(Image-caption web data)
::::::

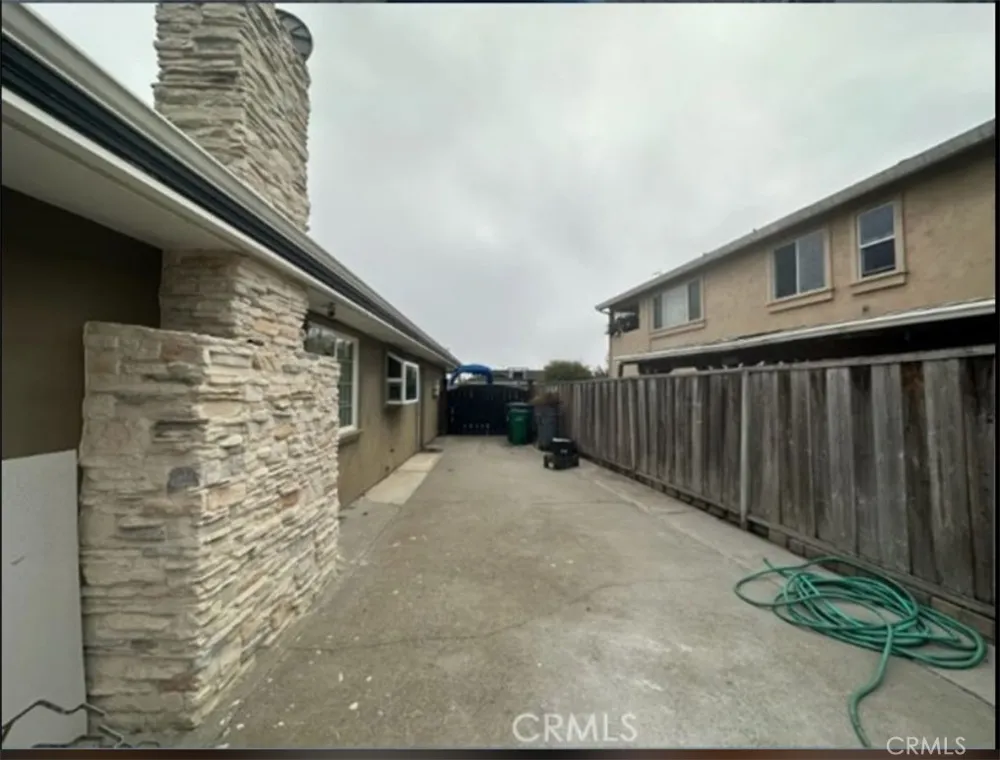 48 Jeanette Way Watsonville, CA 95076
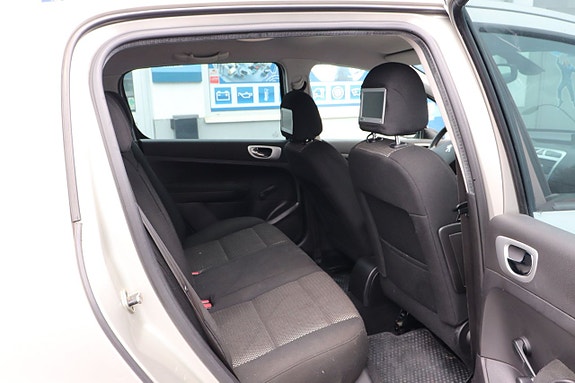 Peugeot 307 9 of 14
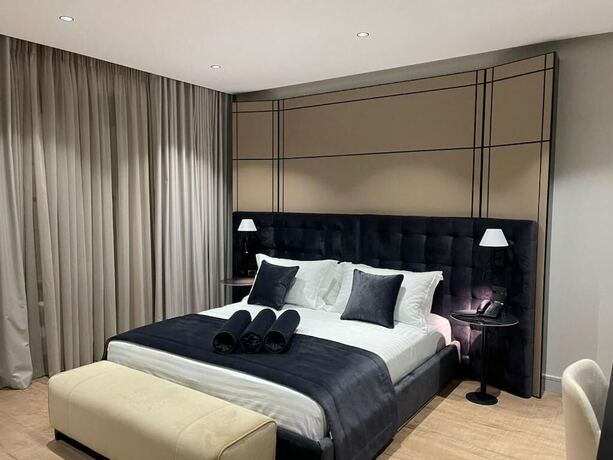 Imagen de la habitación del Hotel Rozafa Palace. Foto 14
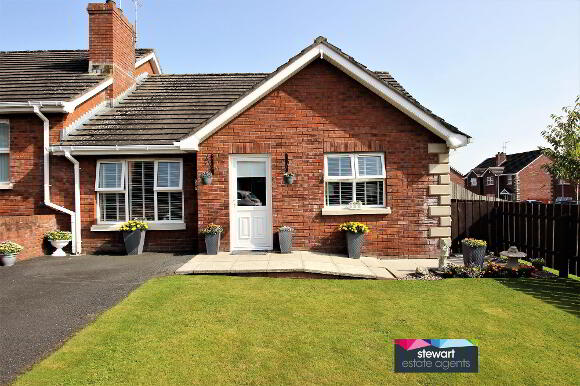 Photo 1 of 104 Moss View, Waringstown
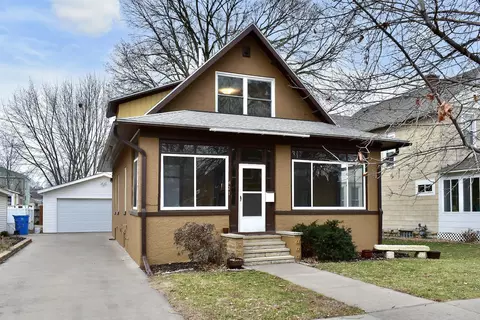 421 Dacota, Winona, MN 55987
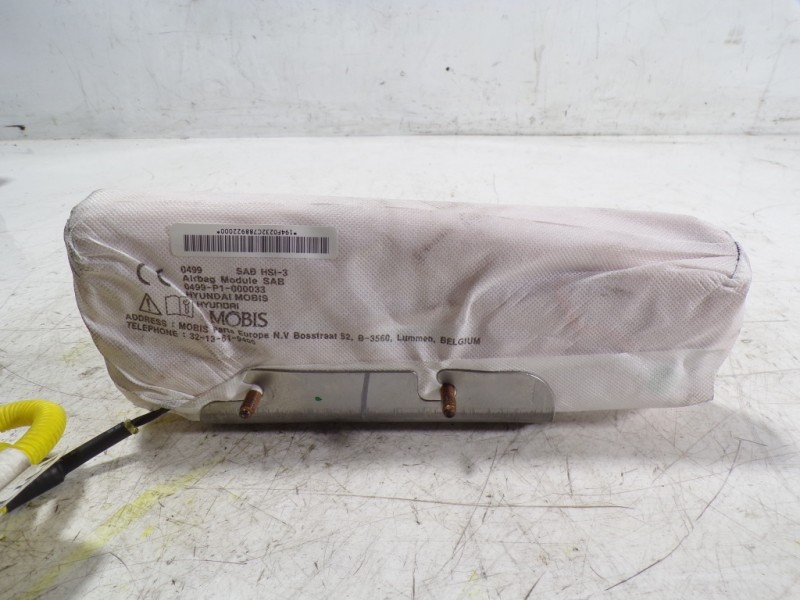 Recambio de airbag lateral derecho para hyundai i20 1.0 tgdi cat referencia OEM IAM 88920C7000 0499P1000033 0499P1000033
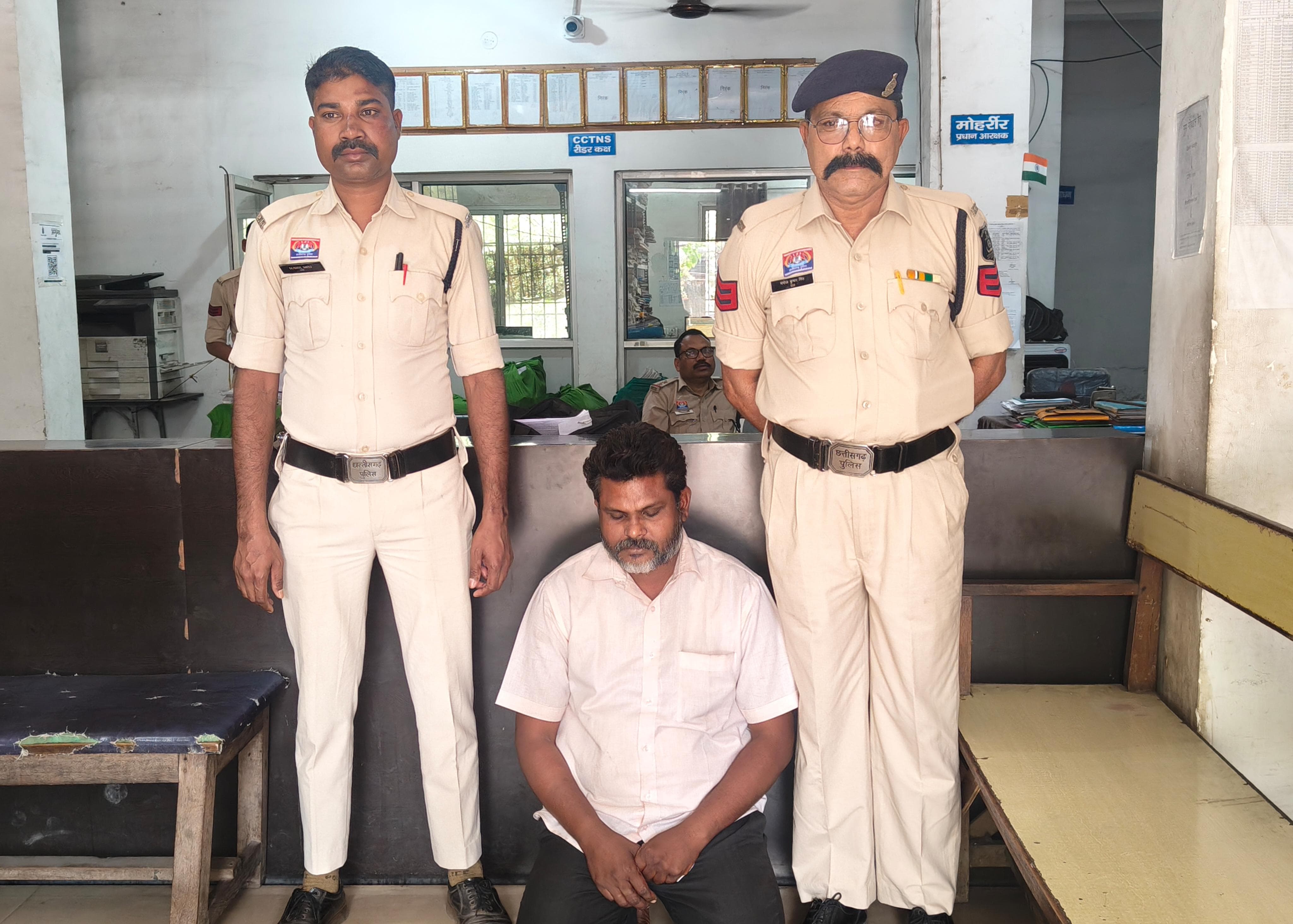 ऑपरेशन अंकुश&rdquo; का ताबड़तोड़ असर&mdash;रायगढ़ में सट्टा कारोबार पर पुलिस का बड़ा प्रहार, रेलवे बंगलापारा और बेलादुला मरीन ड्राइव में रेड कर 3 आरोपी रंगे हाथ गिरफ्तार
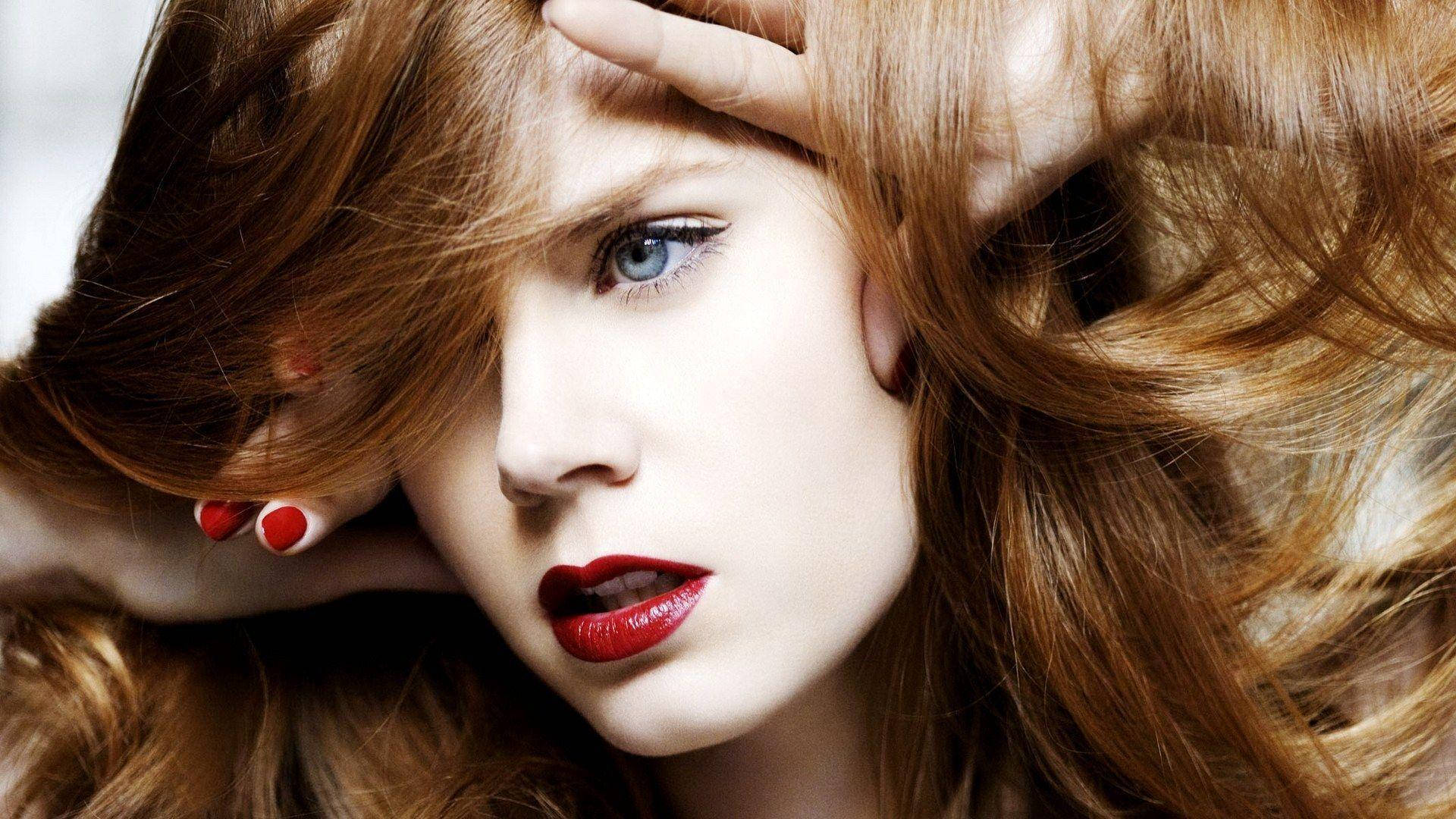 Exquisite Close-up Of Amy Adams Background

::::::

Try it: Repeat exactly the lines from the first line of the records above through the line containing "Recambio de airbag", both included. Leave out the pictures.

Output for this exercise:
 48 Jeanette Way Watsonville, CA 95076
 Peugeot 307 9 of 14
 Imagen de la habitación del Hotel Rozafa Palace. Foto 14
 Photo 1 of 104 Moss View, Waringstown
 421 Dacota, Winona, MN 55987
 Recambio de airbag lateral derecho para hyundai i20 1.0 tgdi cat referencia OEM IAM 88920C7000 0499P1000033 0499P1000033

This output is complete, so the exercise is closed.